I will begin this post with a confession: I had intended to go back to the fest on Sunday and didn't make it. That means no video and a smallish sampling of beers for review. By my notes, I tried 13 on Friday, which amounts to a little more than 10% of the total available, and I had saved at least a half dozen in my mind to try on Sunday. So obviously, what follows is a wee smattering of all the beers on offer.
That disclaimer out of the way, here are those I did try, with my notes.
Haand Bryggeri Dark Force - A stout in the American style--thick and chalky, robust. Not intensely nuanced, but roasty and nice. [B-]
iQhilika African Birds Eye Chili Mead - Wild sensation. The base drink is a standard dry mead. As you swirl it around your mouth, you get almost none of the chili--it's just a pleasant, sweetish note. But then as the liquid starts going down the hatch, it really heats up, and the finish is all pepper. [B+]
Coniston Bluebird Bitter - Wonderful recipe, taking advantage of such few ingredients (the guide says it's a 3.5% ale). Creamy palate, mild biscuity sweetness, earthy hopping. Yeast has a characteristically English quality. [A]
De Proef Saison Imperiale - Saisons are one of the hardest styles to brew, and De Proef proves the point, delivering a treacly ale that seems more tripel than farmhouse. Creamy and fruity rather than crisp and dry. [C]
Bink Bloesem - Another abbey-style ale but without complexity. Flat palate, musty, and thin, despite the alcohol. A dud. [C-]
Pinkus Altbier - Switching gears to a nice, subtle beer. Very crisp and dry, but somehow richer than the sum of the parts would indicate. An excellent warm-weather beer. [B]
Oudbeitje - [notes as written, with added comments to follow] "Tart but not complex. Okay, as I drink it, it is--but more subtly than I first appreciated.

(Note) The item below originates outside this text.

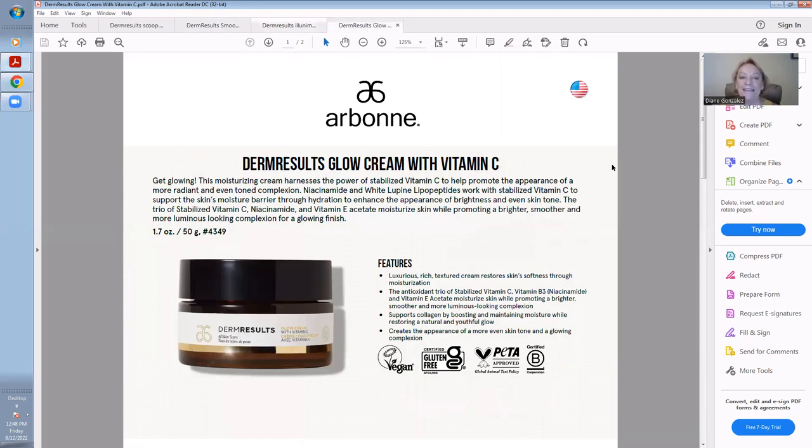And then the last step is this amazing Glow Cream with Vitamin C. This moisturizing cream harnesses the power of stabilized Vitamin C to help promote the appearance of a more radiant and even-toned complexion. It is amazing.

Smoky notes, some mustiness. Very earthy. Strawberry nearly absent, but like old strawberries, decomposing almost. Sally arrives, notes 'Smells like compost!'" This beer delighted no one but me, and it did delight me, more and more as I drank it. Unlike anything I've tried--so organic tasting that it was one step beyond. But I like it out there in the ultrafunky Belgian wilderness. [A]
Rodenbach Grand Cru - People were giving me such a hard time about the Oudbeitje that I decided to get a Rodenbach to show that I knew good beer. This beer was bought out by Palm in 1998, and everyone has feared the worst. Grand Cru is aged in great oak tuns at the brewery which are decades old and contribute the unique character to the beer--perhaps my favorite in the world. Palm's intention to "modernize" the brewery had caused panic. When the brewery reintroduced Grand Cru a year ago, I have to admit I was too scared to try it. But I plucked up my courage and went for a pour. The result? Magnificent. If you've never had a Sour Flanders Red, it's difficult to describe the experience. They are sweet and sour simultaneously, but deep and resonant of palate. In my notes, I wrote "just the same." Go buy a bottle if you haven't tried it before. [A]
Monchshof Schwartzbier - Faintly chocolaty, wet, not particularly distinctive. I would like it drier, and with a crisper malt palate. Not so hot. [C]
Spezial Rauchbier - This was actually Sally's beer, and she was nonplussed. I, however, thought it was quite nice. Perfumed with a very light, subtle smokiness. Roasty and malt-forward, with smoke lingering at the edge of perception, but a light, crisp, summery beer. Strikes me as a great example of German brewing. This beer is the oldest rauchbier still made (1536), in Bamberg, where the style was born. [B+]
Haand Bryggeri Norwegian Wood - Billed as "moonshine," this is actually a traditional brewing style from Norway, with a recipe dating back to a time when all the beer was essentially homebrew. Malt is kilned by fire, and juniper berries are used in place of hops as seasoning. I didn't know this at the time, but my notes bear out the recipe: "Smoky like a rauch, slightly viscous in a way that suggests other grains might be used in the mash. Sweet, hearty brown ale." If you ever see a bottle, buy it for the experience. [B]
HW Lees Harvest Legavulin - I somehow missed that this beer, at 11.5% alcohol, only had 25 IBUs. Hoy! It was like a beer reduction, syrupy sweet and undrinkable. Sadly, none of the Scotch aging came through, except--possibly--in the nose. Or maybe I was just trying to give it some credit. [D-]
De Ranke Kriek - I actually went with four bucks over to the ticket counter for the Lees Harvest debacle, and realized I couldn't go out on such a beer. So back I went to buy three more tickets for an always-reliable kriek. This isn't my favorite example, but it is intense. The sourness shoots it into some kind of physics-bending dryness. The mouth puckers involuntarily. Cherry is mild, and there's a cellary-musty quality which inclines me to think it's been aged a bit. I picked up a hint of salt, which was unexpected but not altogether unwelcome. [B]
Thems the notes. Sorry there aren't more. Ah well, there's always next year!